• EXERCISE:
Would you please transcribe the records below exactly, leaving out the pictures?

-------- SUPPLIED RECORDS

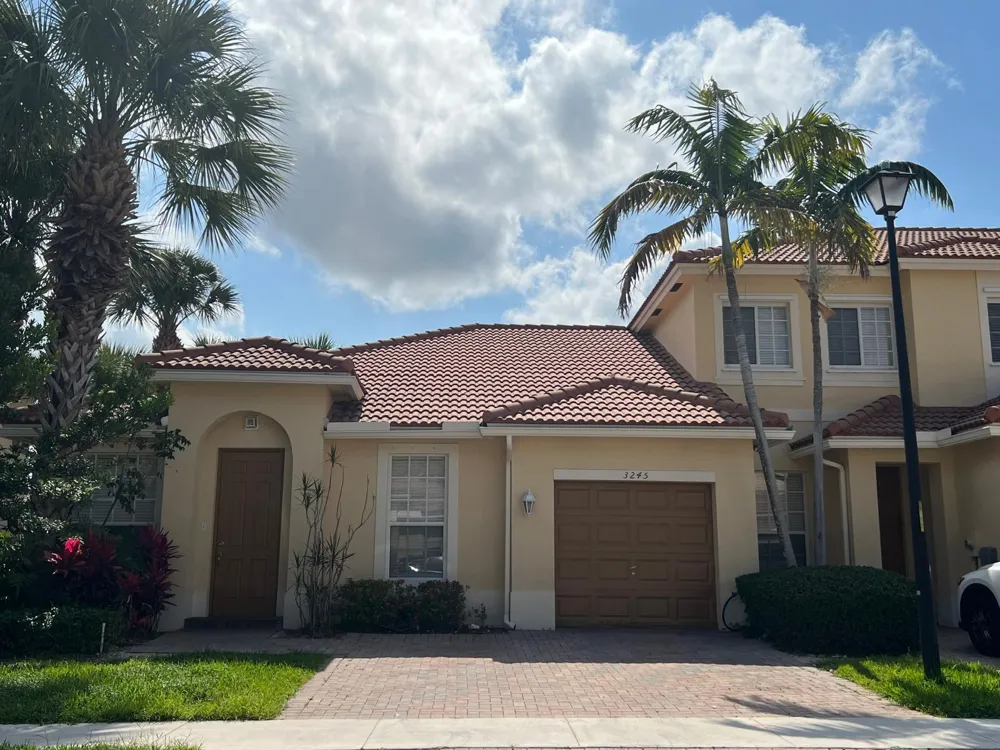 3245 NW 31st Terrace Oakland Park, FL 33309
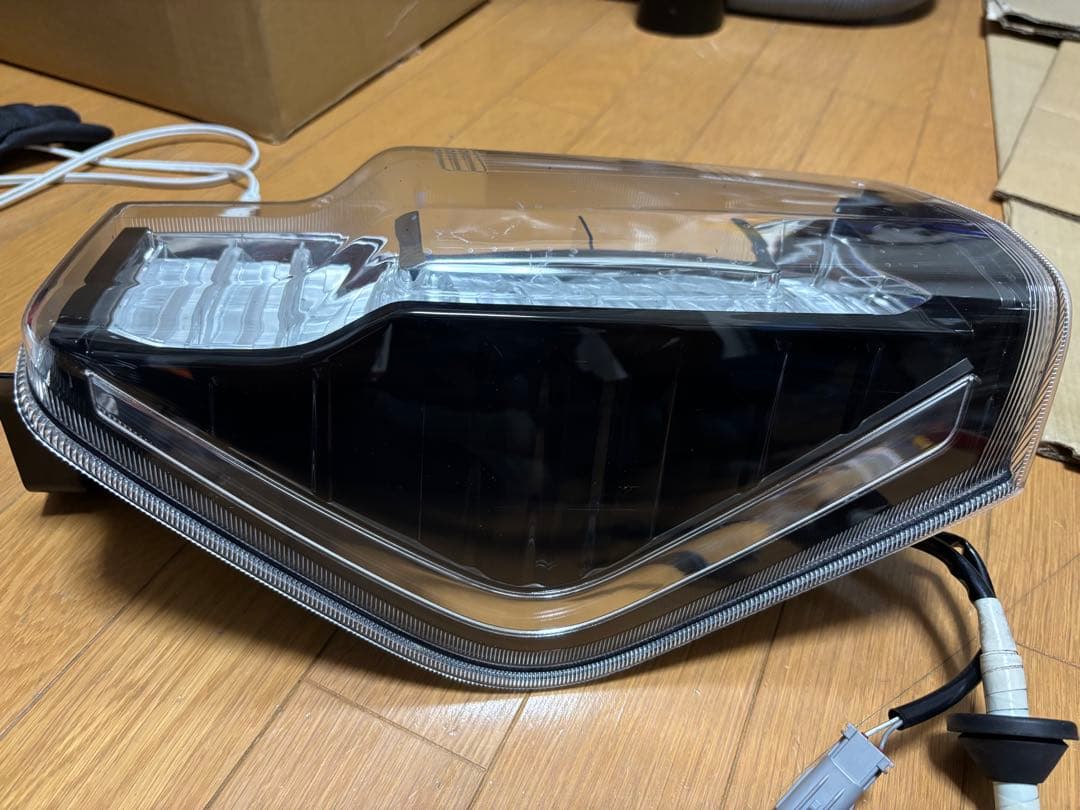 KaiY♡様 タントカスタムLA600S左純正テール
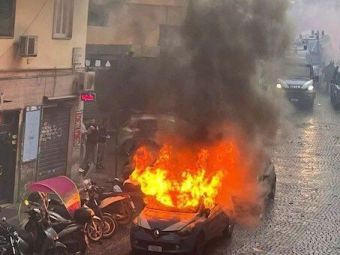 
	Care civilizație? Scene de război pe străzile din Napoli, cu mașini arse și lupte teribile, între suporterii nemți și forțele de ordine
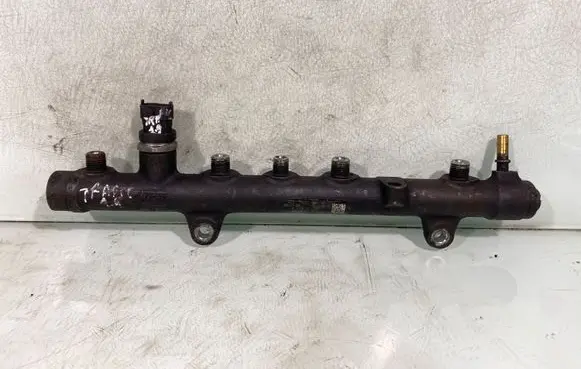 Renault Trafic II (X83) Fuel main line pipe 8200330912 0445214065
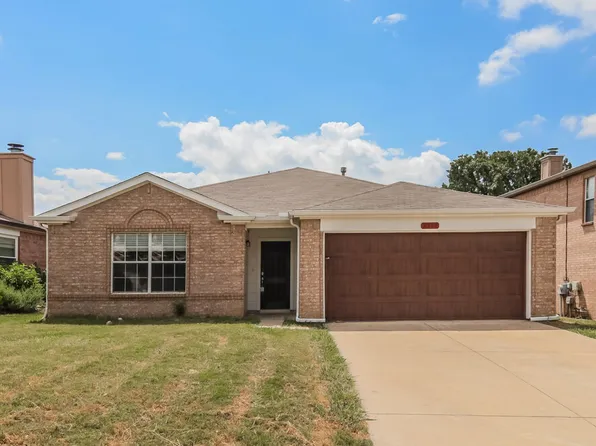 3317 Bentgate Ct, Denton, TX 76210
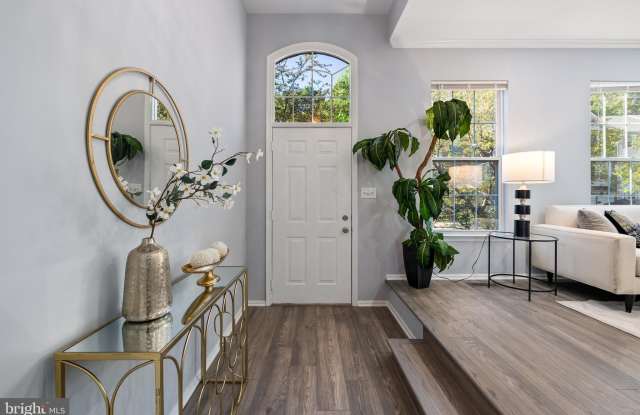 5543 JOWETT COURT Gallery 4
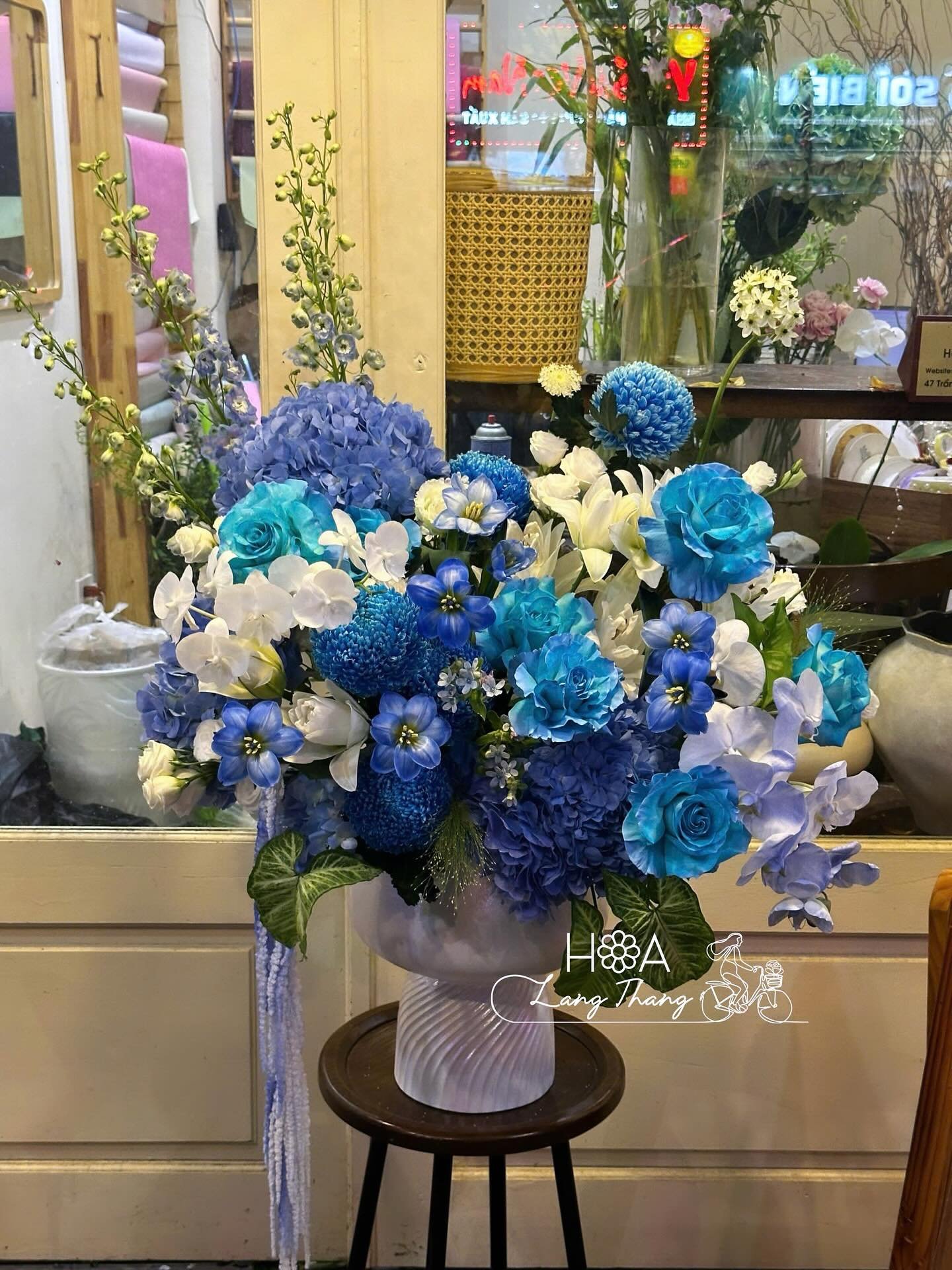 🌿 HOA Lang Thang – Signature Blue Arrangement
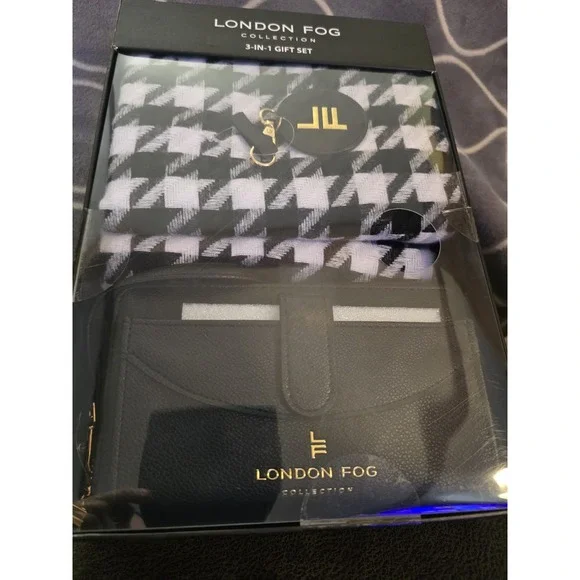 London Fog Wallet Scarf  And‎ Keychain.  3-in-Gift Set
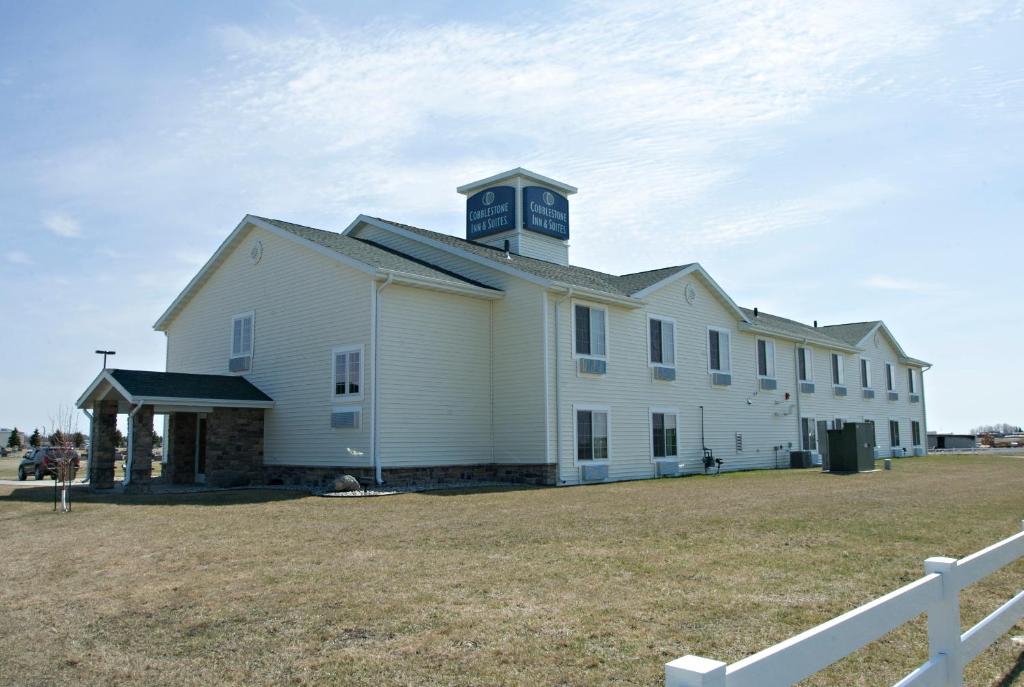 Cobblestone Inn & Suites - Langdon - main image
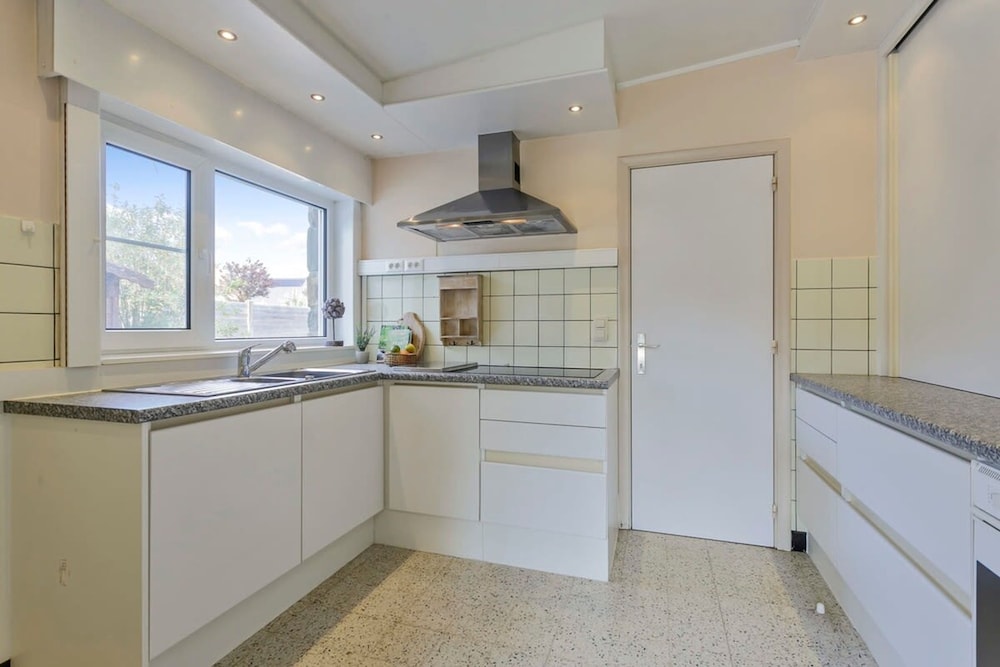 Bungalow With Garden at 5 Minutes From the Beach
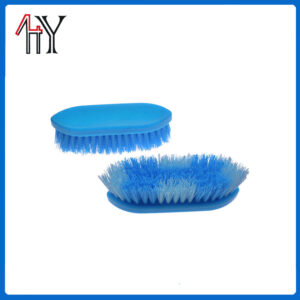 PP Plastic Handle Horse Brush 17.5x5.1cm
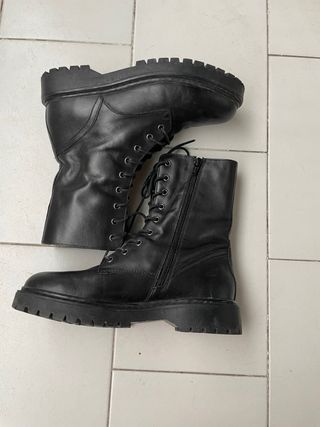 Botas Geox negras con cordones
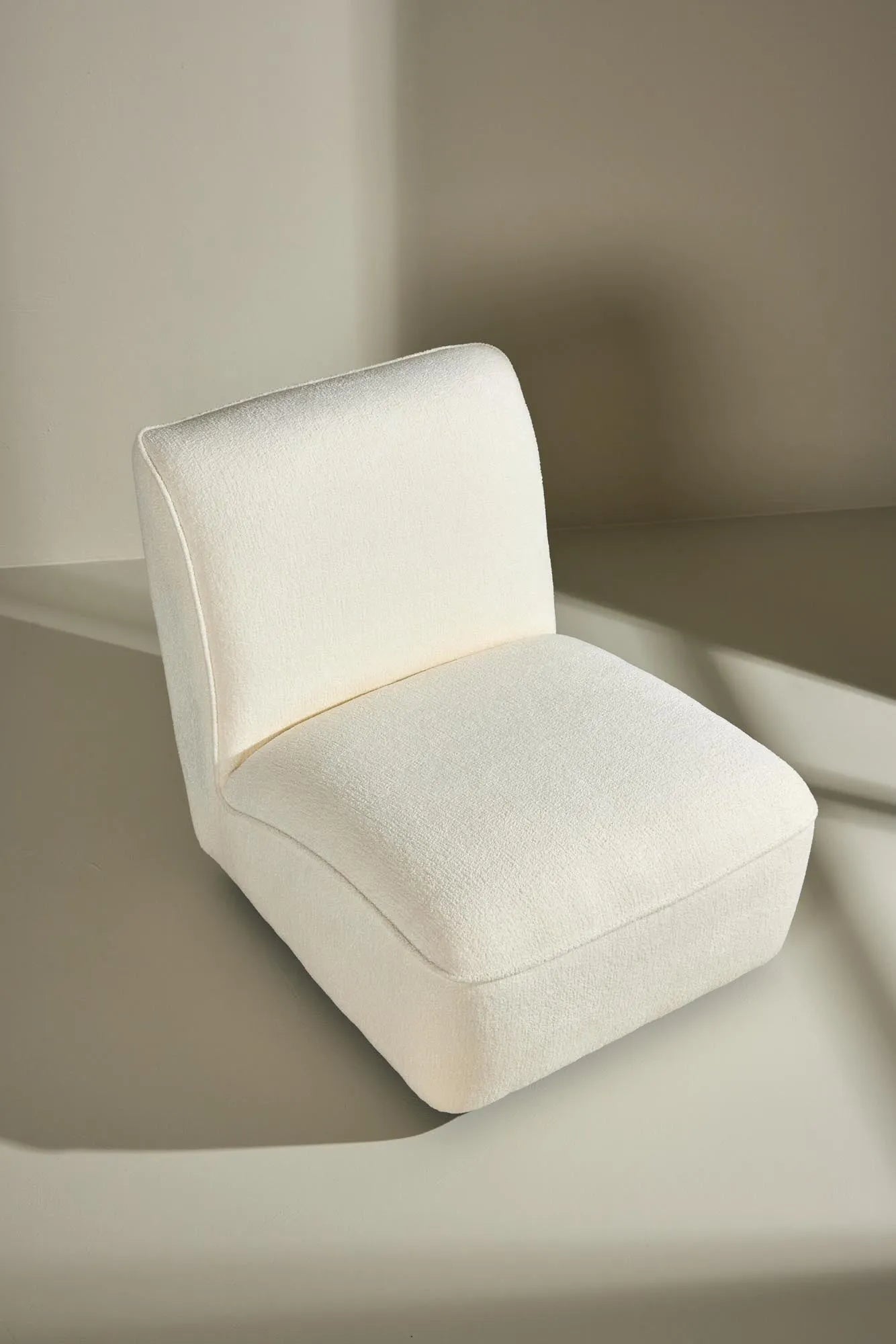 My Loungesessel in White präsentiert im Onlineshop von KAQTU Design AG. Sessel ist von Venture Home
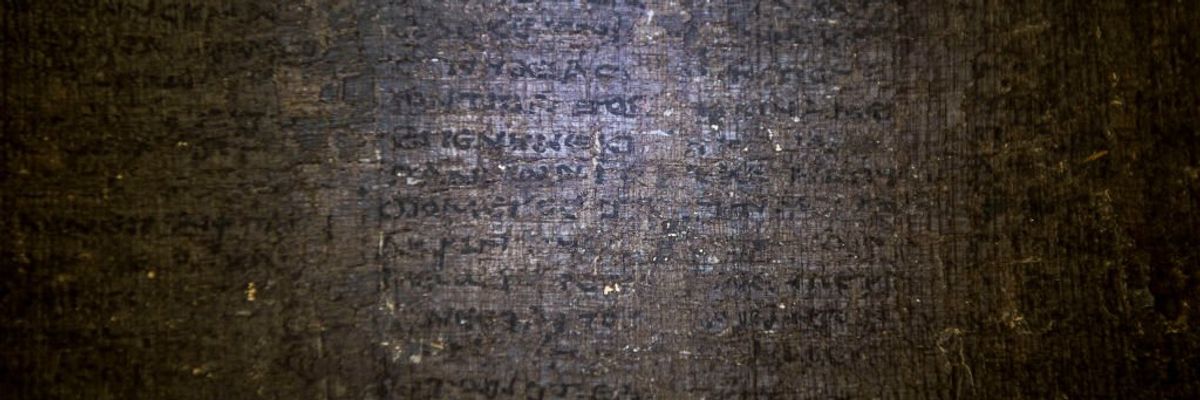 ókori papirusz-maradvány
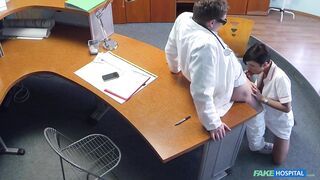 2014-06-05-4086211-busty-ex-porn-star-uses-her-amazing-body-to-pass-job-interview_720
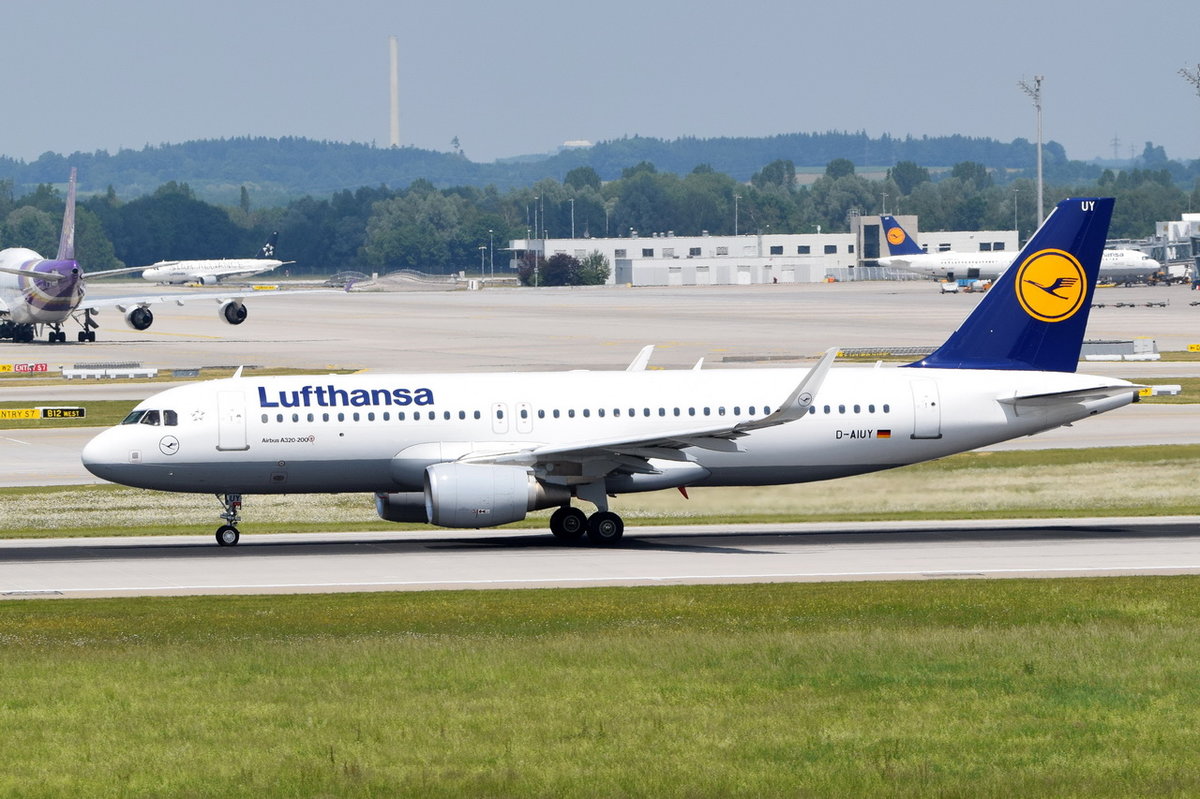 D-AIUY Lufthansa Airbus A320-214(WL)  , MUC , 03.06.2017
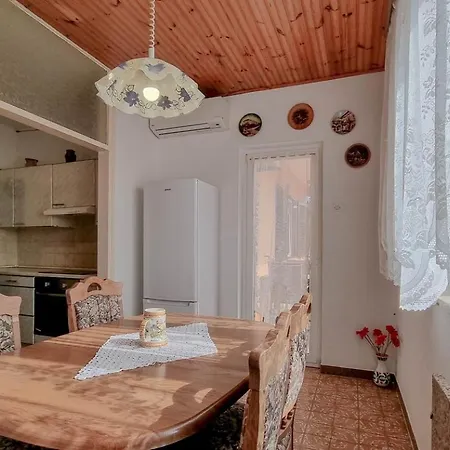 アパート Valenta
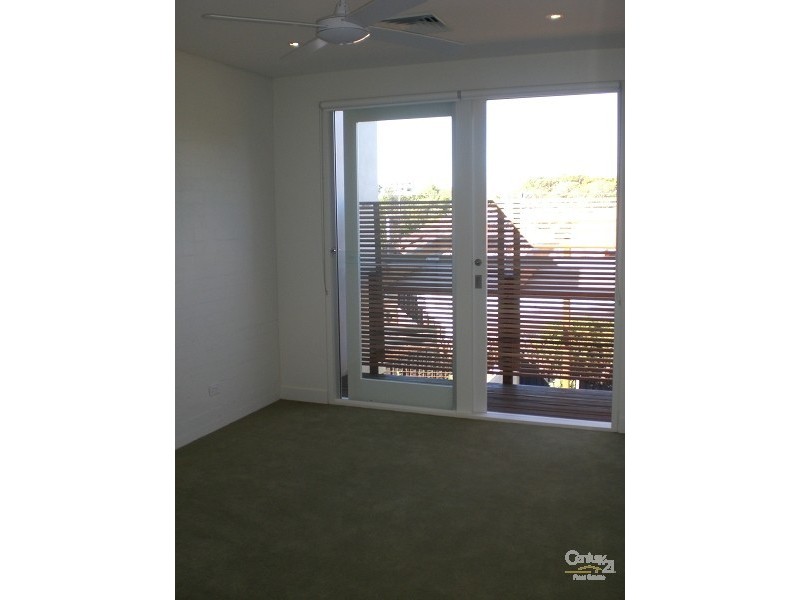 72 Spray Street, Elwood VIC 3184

----------------

• EXERCISE SOLUTION:
 3245 NW 31st Terrace Oakland Park, FL 33309
 KaiY♡様 タントカスタムLA600S左純正テール
	Care civilizație? Scene de război pe străzile din Napoli, cu mașini arse și lupte teribile, între suporterii nemți și forțele de ordine
 Renault Trafic II (X83) Fuel main line pipe 8200330912 0445214065
 3317 Bentgate Ct, Denton, TX 76210
 5543 JOWETT COURT Gallery 4
 🌿 HOA Lang Thang – Signature Blue Arrangement
 London Fog Wallet Scarf  And‎ Keychain.  3-in-Gift Set
 Cobblestone Inn & Suites - Langdon - main image
 Bungalow With Garden at 5 Minutes From the Beach
 PP Plastic Handle Horse Brush 17.5x5.1cm
 Botas Geox negras con cordones
 My Loungesessel in White präsentiert im Onlineshop von KAQTU Design AG. Sessel ist von Venture Home
 ókori papirusz-maradvány
 2014-06-05-4086211-busty-ex-porn-star-uses-her-amazing-body-to-pass-job-interview_720
 D-AIUY Lufthansa Airbus A320-214(WL)  , MUC , 03.06.2017
 アパート Valenta
 72 Spray Street, Elwood VIC 3184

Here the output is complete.